* **Try it**:
When you have read the listing, copy all of it without any change.

* **Recorded data**:
▼

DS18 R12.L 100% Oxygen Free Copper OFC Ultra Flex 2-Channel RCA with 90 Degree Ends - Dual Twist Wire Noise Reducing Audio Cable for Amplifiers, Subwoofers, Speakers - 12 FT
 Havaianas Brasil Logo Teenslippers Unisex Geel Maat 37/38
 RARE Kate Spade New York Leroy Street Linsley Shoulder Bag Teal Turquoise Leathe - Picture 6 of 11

▲

* **Exercise solution**:
DS18 R12.L 100% Oxygen Free Copper OFC Ultra Flex 2-Channel RCA with 90 Degree Ends - Dual Twist Wire Noise Reducing Audio Cable for Amplifiers, Subwoofers, Speakers - 12 FT
 Havaianas Brasil Logo Teenslippers Unisex Geel Maat 37/38
 RARE Kate Spade New York Leroy Street Linsley Shoulder Bag Teal Turquoise Leathe - Picture 6 of 11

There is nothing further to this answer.